Your answer should repeat the listing in full, with no line missing or altered.

* RECORDS FOR THIS EXERCISE *
----
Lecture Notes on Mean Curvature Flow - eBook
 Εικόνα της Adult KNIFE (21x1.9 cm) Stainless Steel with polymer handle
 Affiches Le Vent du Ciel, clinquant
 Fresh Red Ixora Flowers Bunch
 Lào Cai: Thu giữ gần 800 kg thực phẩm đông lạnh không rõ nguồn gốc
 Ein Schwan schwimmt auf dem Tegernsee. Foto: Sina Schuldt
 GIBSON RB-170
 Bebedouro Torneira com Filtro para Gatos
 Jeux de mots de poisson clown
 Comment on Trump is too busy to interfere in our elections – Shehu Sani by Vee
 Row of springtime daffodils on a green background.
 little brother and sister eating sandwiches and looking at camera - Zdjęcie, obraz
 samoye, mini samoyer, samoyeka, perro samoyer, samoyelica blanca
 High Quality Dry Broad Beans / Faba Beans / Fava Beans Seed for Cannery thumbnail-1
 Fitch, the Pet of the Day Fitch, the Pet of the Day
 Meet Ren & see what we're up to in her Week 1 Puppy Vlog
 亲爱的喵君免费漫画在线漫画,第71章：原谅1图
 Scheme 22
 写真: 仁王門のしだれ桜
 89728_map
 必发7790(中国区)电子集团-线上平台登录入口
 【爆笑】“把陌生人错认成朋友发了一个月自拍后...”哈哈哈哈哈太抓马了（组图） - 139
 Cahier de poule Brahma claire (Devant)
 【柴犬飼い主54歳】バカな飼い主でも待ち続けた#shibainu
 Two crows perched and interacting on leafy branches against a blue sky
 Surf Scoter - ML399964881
----
* ANSWER BOX *
Lecture Notes on Mean Curvature Flow - eBook
 Εικόνα της Adult KNIFE (21x1.9 cm) Stainless Steel with polymer handle
 Affiches Le Vent du Ciel, clinquant
 Fresh Red Ixora Flowers Bunch
 Lào Cai: Thu giữ gần 800 kg thực phẩm đông lạnh không rõ nguồn gốc
 Ein Schwan schwimmt auf dem Tegernsee. Foto: Sina Schuldt
 GIBSON RB-170
 Bebedouro Torneira com Filtro para Gatos
 Jeux de mots de poisson clown
 Comment on Trump is too busy to interfere in our elections – Shehu Sani by Vee
 Row of springtime daffodils on a green background.
 little brother and sister eating sandwiches and looking at camera - Zdjęcie, obraz
 samoye, mini samoyer, samoyeka, perro samoyer, samoyelica blanca
 High Quality Dry Broad Beans / Faba Beans / Fava Beans Seed for Cannery thumbnail-1
 Fitch, the Pet of the Day Fitch, the Pet of the Day
 Meet Ren & see what we're up to in her Week 1 Puppy Vlog
 亲爱的喵君免费漫画在线漫画,第71章：原谅1图
 Scheme 22
 写真: 仁王門のしだれ桜
 89728_map
 必发7790(中国区)电子集团-线上平台登录入口
 【爆笑】“把陌生人错认成朋友发了一个月自拍后...”哈哈哈哈哈太抓马了（组图） - 139
 Cahier de poule Brahma claire (Devant)
 【柴犬飼い主54歳】バカな飼い主でも待ち続けた#shibainu
 Two crows perched and interacting on leafy branches against a blue sky
 Surf Scoter - ML399964881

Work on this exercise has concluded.